If you mean that user language is a standard unconditional part of every cache key, then no, afaik that is not the case. I haven't checked this emperically, but I hope that's not the case for article or discussion pages "in general".

But yes, the Parser does support features such as {{int:}} which can cause a page to vary by user interface language if those features are used. The ParserOptions class tracks which options are used, and only varies the cache if they are used. I generally preceive these hacks as being on the way out and limited to constructs from end-users, not our own software.
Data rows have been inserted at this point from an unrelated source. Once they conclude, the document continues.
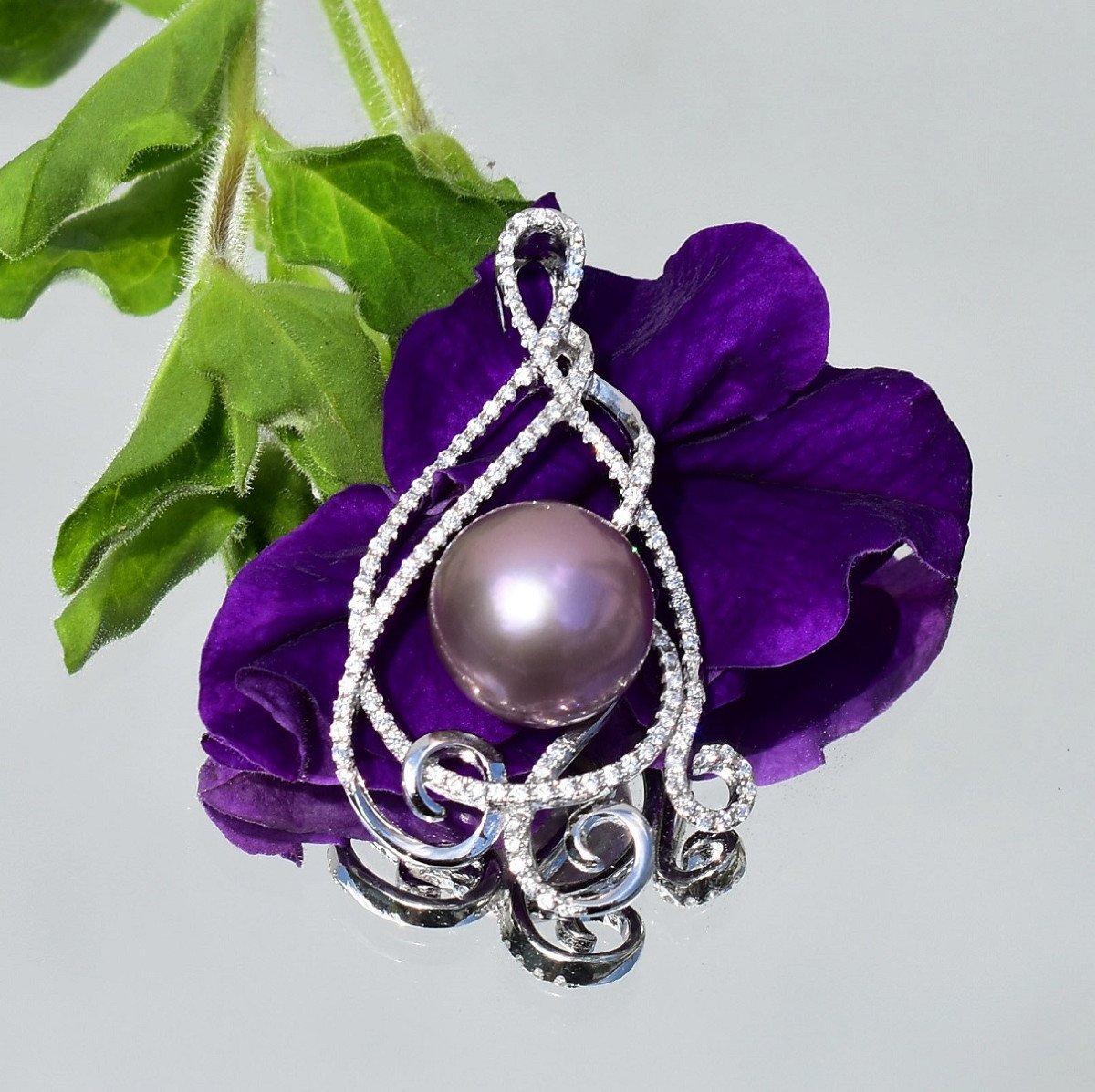 Large Silver And Pearl Pendant-photo-3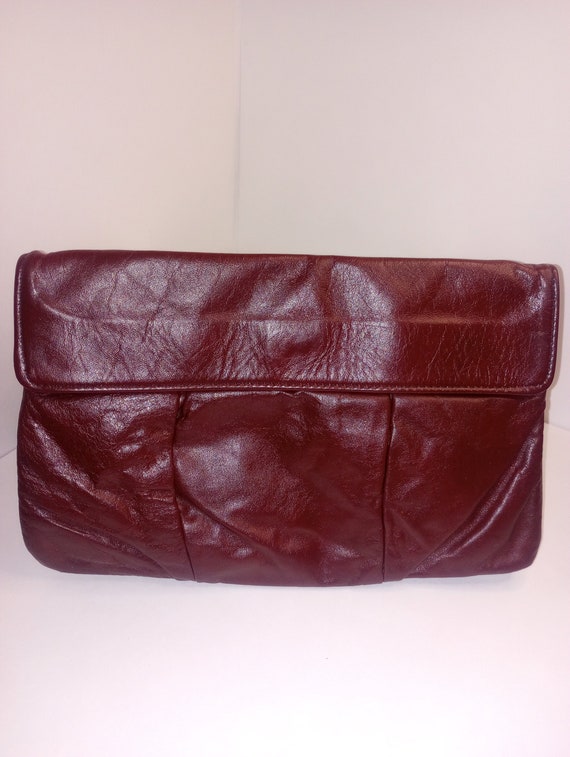 1980's LETISSE burgundy leather clutch purse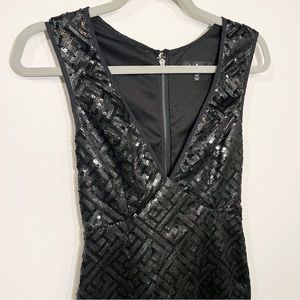 NWOT Lulu’s Black Sequin Dress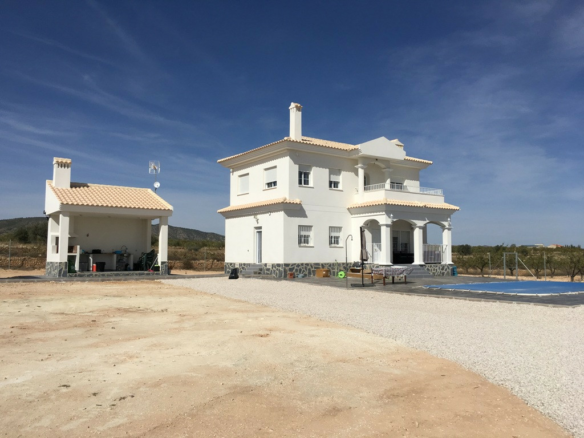 3-bedroom Detached Villa In Pinoso, Spain (150 M²)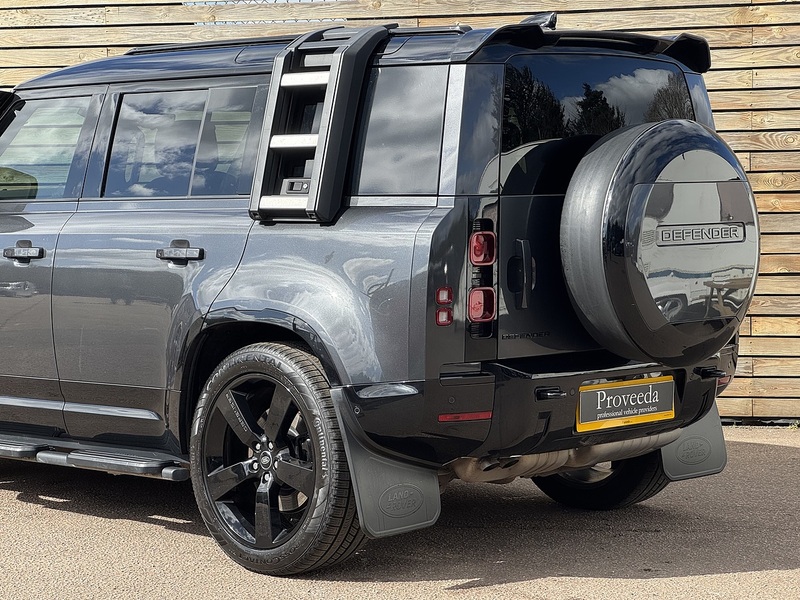 Land Rover Defender 110 2023'23 D300 MHEV X-Dynamic HSE Commercial | Rear Seat Conversion | Vat Q - U8997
If I recall correctly, this was mainly to support the uselang hack on Commons, which probably doesn't even get cached (since they are Special-page interface messages, not wiki pages), and is also something I'm looking to deprecate/remove in favour of alternate approaches on Commons (e.g. guided pages, a gadget, or part of UploadWizard).

So we call $popts->getUserLangObj(). It looks like that marks the userlang option as used, and so the getter causes the cache to split (seems like a bit of an anti-pattern there).

We initially discussed using string replacement, and we are using it for other features, so switching back to that won't be a problem.

I'm not sure if this is much of a contributing factor at the moment, but an easy one to fix right now.

Current ongoing work around DiscussionTools' usage of the parser cache is happening in T280599.

I think we should close this task – this has been implemented since January, and was not reverted. The task was reopened when issues surfaced, but there's the new task for them now.